Having been off work for two whole weeks, I committed myself to do one of the things that I have been intending to do for too long- visit the refurbished Ulster Museum in Belfast. It reopened in 2009 and houses various exhibitions in a contemporary space.
The history of Ireland was the highlight for me, from medieval times right through to the troubles. I enjoy learning about history but strangely I only remember learning about World War II, Vietnam War, Cold War between USA and Russia, in school. This could be terrible memory on my part or perhaps the history of our Island is too dividing or contentious but it is so interesting and important to know about our own past. It helped put a lot into context for me, in terms of understanding the troubles better. Shameful to admit but much of the exhibition was new information to me, or perhaps felt new because of it’s presentation. In timeline format, I found it fascinating to work my way through the centuries to the present day. I would seriously recommend a visit to anyone who, like me, enjoys history and is a bit sketchy on some details of Irish past.
A visiting exhibition, The Queen: Art and Image, was one that I found quite interesting too although did not like the layout of the exhibition at all. It contained various photos of the Queen since her coronation. Some photos are documentary and more informal, others are official portraits taken by Annie Leibowitz (love her!) and Cecil Beaton. There are also art pieces from Andy Warhol and Chris Levine. The content was good but the timeline through the decades wasn’t clear and chopped and changed from wall to wall- it didn’t flow well and was unclearly marked.
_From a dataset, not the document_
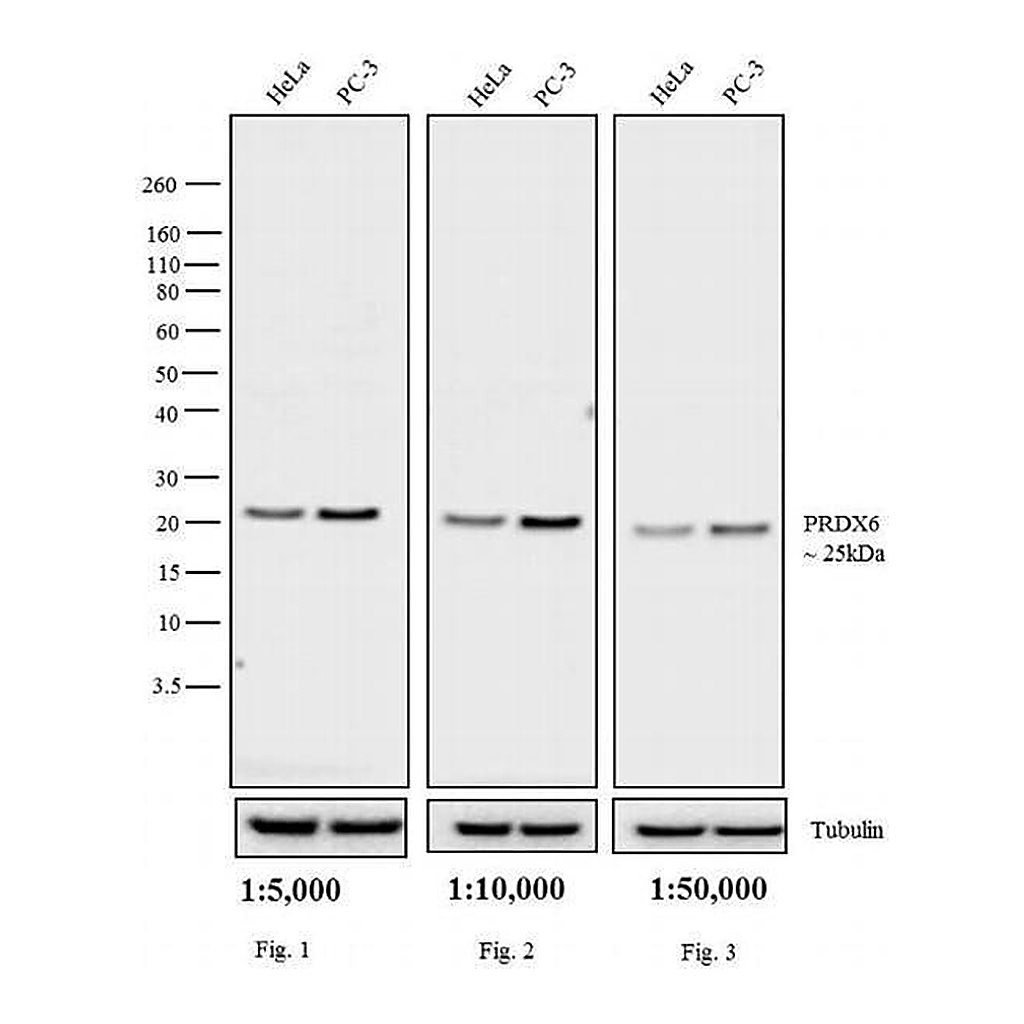 Thermo Fisher Scientific Mouse anti-Rabbit IgG (H+L) Cross-Adsorbed Secondary Antibody, HRP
However that aside, I enjoyed studying the photographs.
Through this exhibition and into another space, we were met with more modern art works under the title Silent Echoes. The title is taken from a recent acquisition Silent Echoes, Ohara (2008), a sound sculpture by American artist Bill Fontana made by recording the sounds echoing within a Japanese temple bell when it is ‘silent’. This piece could feel a little strange to some but I thought it was truly lovely. As you sit in darkness looking at the film of a bell- unmoving, the room is filled with sounds from within it. This drew particular emotions from me as it reminded me of someone dear who died in 2011. The sound and the apparent lack of movement- to the naked eye at least- was calming and warm.
There are many other areas of the Museum dedicated to the Living World with animal replicas and Ancient Egypt. We didn’t see everything during this visit so plan to go back again soon. The bonus is it is FREE admission- yay! Perfect for those of us on a budget and kids would also love much of the content in the exhibitions as well as us grown ups. There is a restaurant and shop, and the museum is located right beside Botanic Gardens so very easy to get to. You can usually find parking on a side street (depending on time of visit).
A thumbs up from me on the Ulster Museum! Our next stop is Ulster American Folk Park, Omagh….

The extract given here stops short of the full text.